#### Records shown:
____

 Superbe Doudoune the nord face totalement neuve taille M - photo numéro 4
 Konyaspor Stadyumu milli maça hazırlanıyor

____

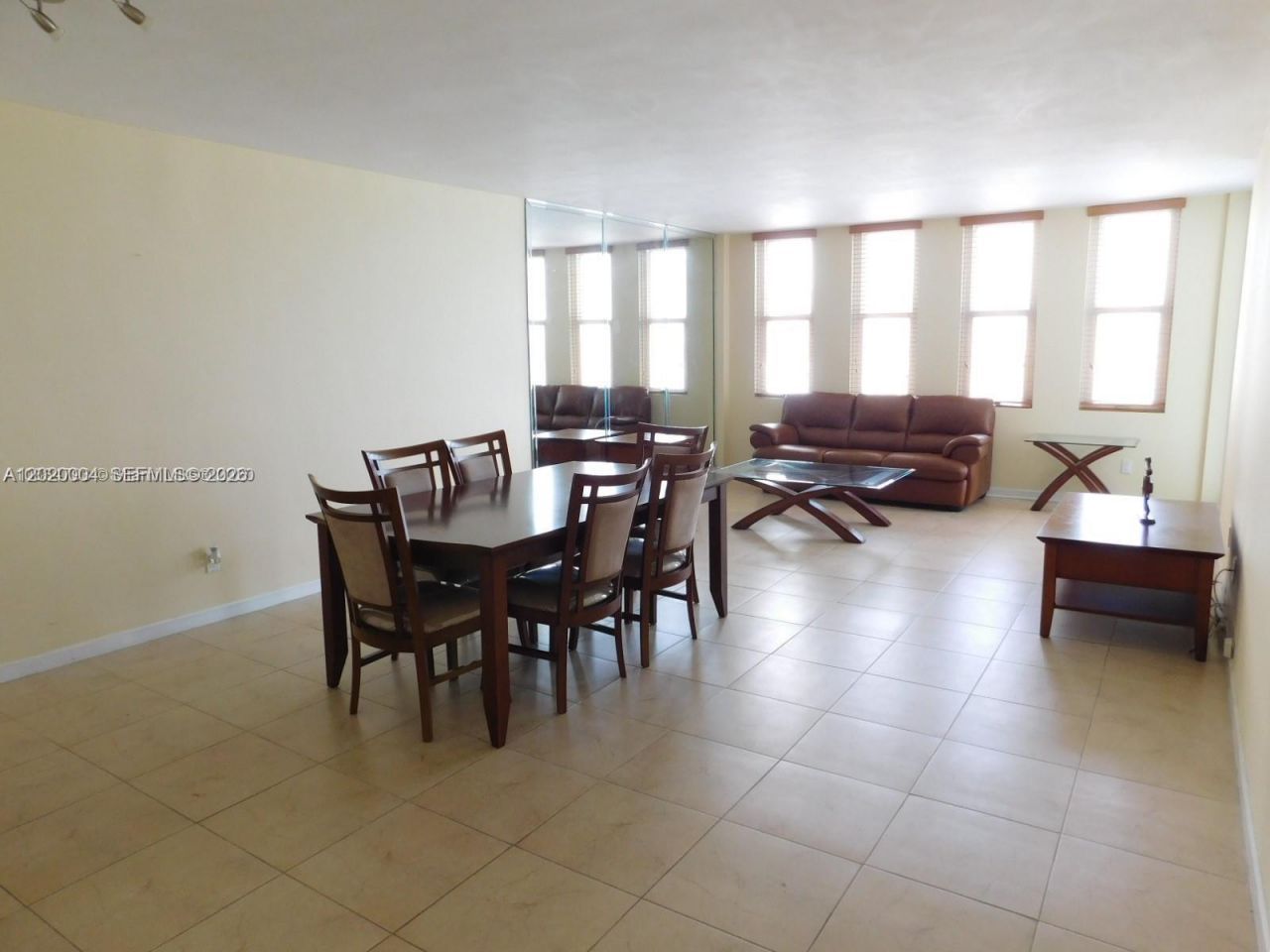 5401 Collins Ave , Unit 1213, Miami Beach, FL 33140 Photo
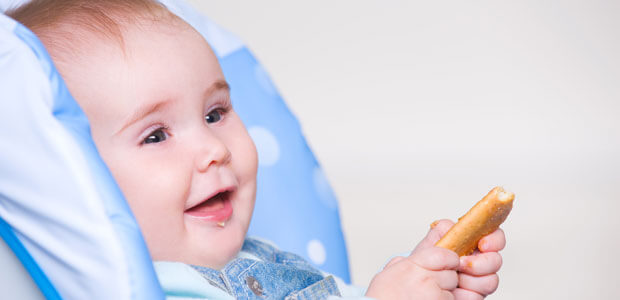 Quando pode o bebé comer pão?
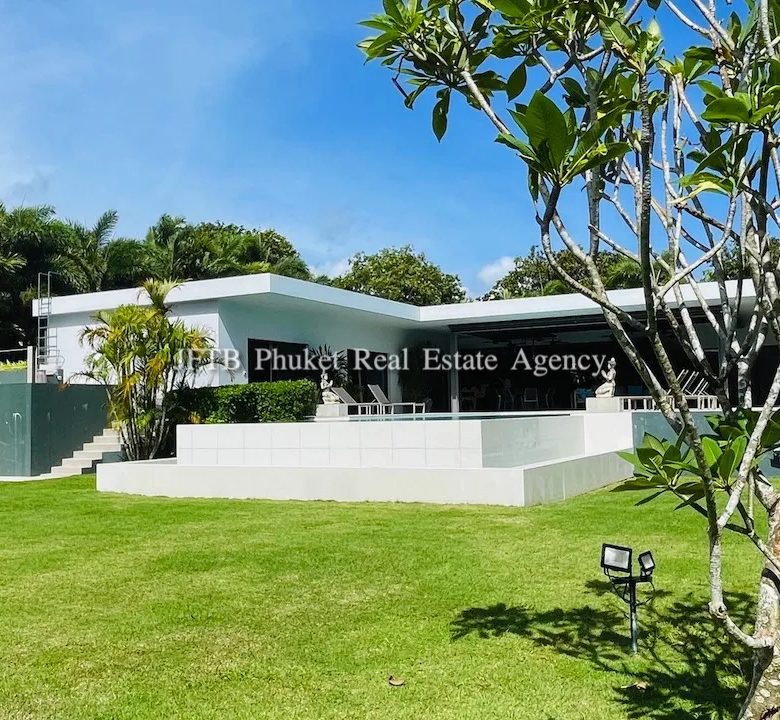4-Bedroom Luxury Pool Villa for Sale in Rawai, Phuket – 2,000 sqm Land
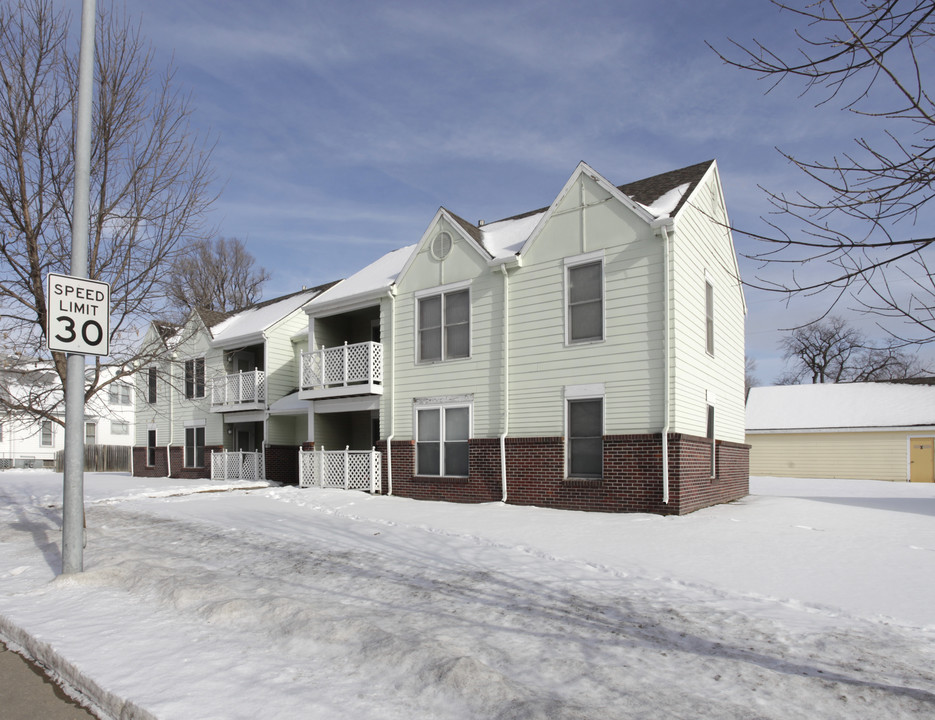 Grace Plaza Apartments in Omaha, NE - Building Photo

____

#### Instructions to follow:
Nothing but the lines from the one with "5401 Collins Ave" up to and including the one with "Grace Plaza Apartments" should be printed, exactly as they read above. Please keep the pictures out.

#### Exercise response:
 5401 Collins Ave , Unit 1213, Miami Beach, FL 33140 Photo
 Quando pode o bebé comer pão?
4-Bedroom Luxury Pool Villa for Sale in Rawai, Phuket – 2,000 sqm Land
 Grace Plaza Apartments in Omaha, NE - Building Photo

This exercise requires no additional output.